I'm excited to announce the release of my first album titled "Walk With Me". I invite you to come alongside for this instrumental adventure. Although there are no lyrics this album has much to say. I hope it can speak to you in a universal language spoken by all nations.

I have a feeling that the members of this forum will have a greater understanding of the music, subtleties, time signatures, expression.

The genre of the album isn't well defined. I like to call it an instrumental adventure - I've received feedback that it contains a "Bit of Jazz, classical, progressive, ambient, cinematic."

It is uploaded to most major music streaming platforms (apple music pending). See links below. If you do not have a spotify account there is a link to listen at youtube music.
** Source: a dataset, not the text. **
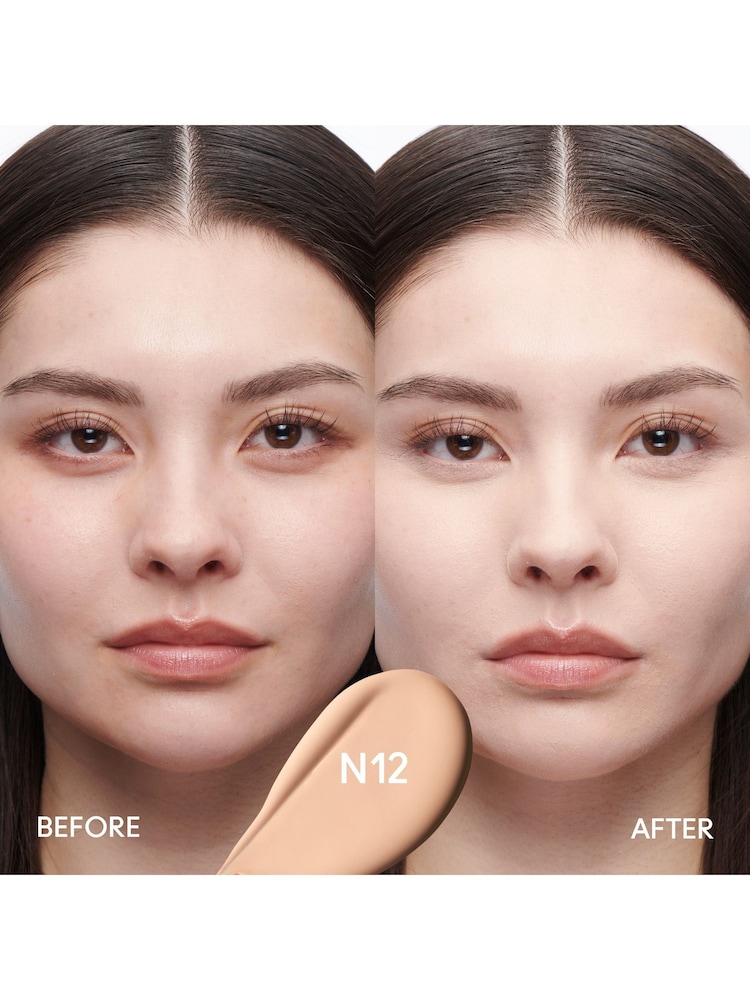 MAC Studio Radiance 24Hr Luminous Lift Concealer - Image 2 of 5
https://music.youtube.com/playlist?list=OLAK5uy_l-vAUELAHB7QNINjYXPnT1xSPFdiAZMNk

I'd love to hear your thoughts, comments, criticisms as it will help me with future releases.

Cheers,


----------



## Phil loves classical (Feb 8, 2017)

Nice! Easily the most interesting CCM I've heard!


----------



## Adam Bodlack (Apr 28, 2020)

Thanks Phil, glad you enjoyed! - that's a good way to summarize the genre as well.


----------



## Richannes Wrahms (Jan 6, 2014)

Can definitely hear the multiple influences, well integrated though, good job!


----------



## Swosh (Feb 25, 2018)

Wow. Absolutely beautiful and mesmerizing thank you.


----------



## Adam Bodlack (Apr 28, 2020)

Swosh said:


> Wow. Absolutely beautiful and mesmerizing thank you.


Thanks Swosh - very kind words - glad you enjoyed it!


----------